In bull markets, when returns are high, investors may not pay these ratios much heed; however, when bear markets come around, the higher expense ratios become more conspicuous, as they are directly deducted from the now meager returns. For example, if the return on a mutual fund is 10% and the expense ratio is 3%, the real return for the investor is only 7%. 

What Are You Missing out On?

One of the major arguments of active managers is that by investing in an index fund, investors are giving up before they have even started. These managers believe that the market has already defeated investors who are buying into these types of funds. As an index fund will always earn a return identical to that of the market it is tracking, index investors will not be able to participate in any anomalies that may occur.
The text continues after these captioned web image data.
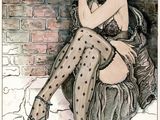 drawing of a woman sitting on a rock wearing stockings and a hat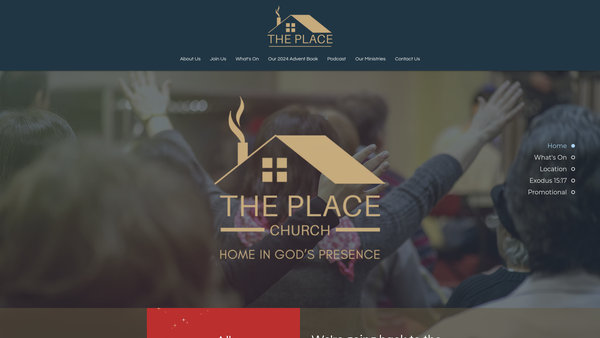 Screenshot of the The Place Church website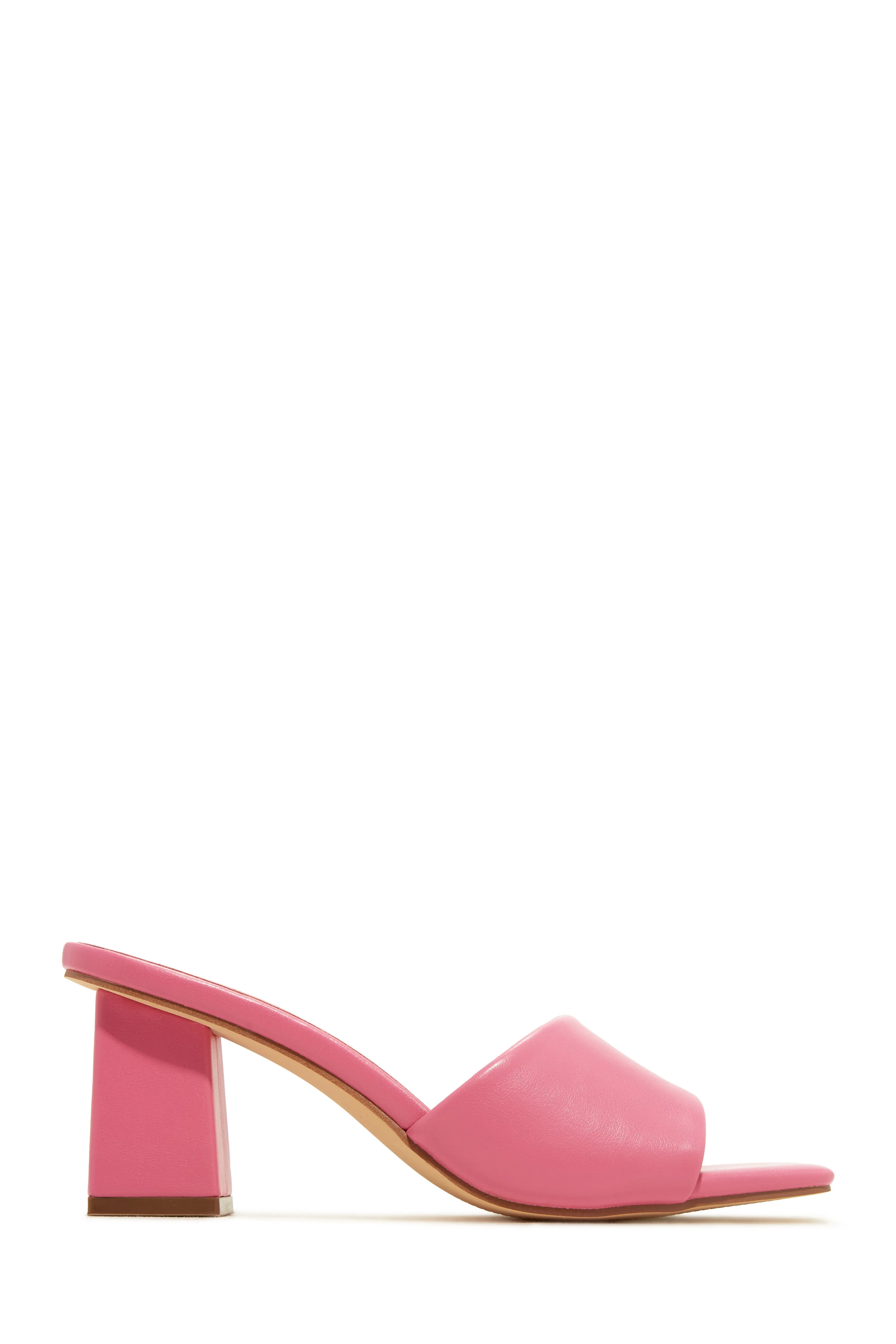 Valentine Block Heel Mules - Nude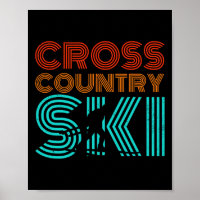 Retro Graphic Cross Country Ski Winter Sports B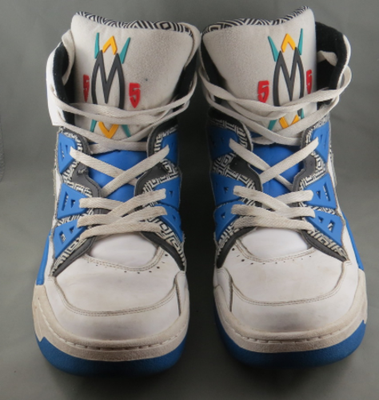 Adidas Originals Dikembe Mutombo 55 - 1993 Blue White HI Top Shoes - Size 16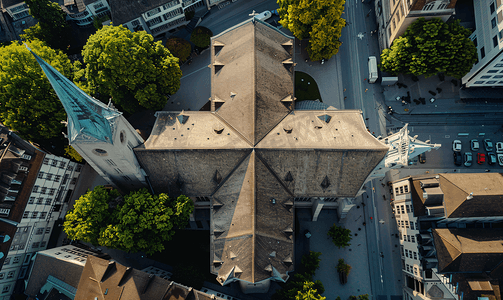 瑞士苏黎世格罗斯教堂的航拍照片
For instance, during the tech boom of the late '90s, when the stocks of new technology companies reached record highs, index funds were unable to match the record returns of some actively-managed funds.

At the same time, actively managed funds that become enamored of the darling stocks of the moment during a sector boom (or bubble) may profit handsomely. They may also regret it bitterly in the event of a bust (or burst). The advantage of an index is that it's much more likely to recover than any individual stock. For example, an index fund tracking the S&P 500 in 2008 would have lost approximately 37% of its value. However, that same index rose by 350% by January 1, 2018. 

What Are the Results?

Generally, when you look at mutual fund performance over the long run, you can see a trend of actively-managed funds underperforming the S&P 500 index. A common statistic is that the S&P 500 outperforms 80% of mutual funds. While this statistic is true in some years, it's not always the case.

A better comparison is provided by Burton Malkiel, the man who popularized efficient market theory in A Random Walk Down Wall Street. The 1999 edition of his book begins by comparing a $10,000 investment in the S&P 500 index fund to the same amount in the average actively-managed mutual fund. From the start of 1969 through June 30, 1998, the index investor was ahead by almost $140,000: her original $10,000 increased 31-times to $311,000, while the active-fund investor ended up with only $171,950.

Are Index Funds Better?

It's true that over the short term, some mutual funds will outperform the market by significant margins. Picking those high performers from the literally thousands out there is almost as difficult as picking stocks yourself! Whether or not you believe in efficient markets, the costs that come with investing in most mutual funds make it very difficult to outperform an index fund over the long term.